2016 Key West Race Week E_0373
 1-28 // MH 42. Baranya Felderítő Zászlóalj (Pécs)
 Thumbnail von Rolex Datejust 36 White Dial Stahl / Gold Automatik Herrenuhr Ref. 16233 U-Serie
-------------------------
### Required action
Reproduce all of the data. Leave every line unchanged.

### Solution to the exercise
2016 Key West Race Week E_0373
 1-28 // MH 42. Baranya Felderítő Zászlóalj (Pécs)
 Thumbnail von Rolex Datejust 36 White Dial Stahl / Gold Automatik Herrenuhr Ref. 16233 U-Serie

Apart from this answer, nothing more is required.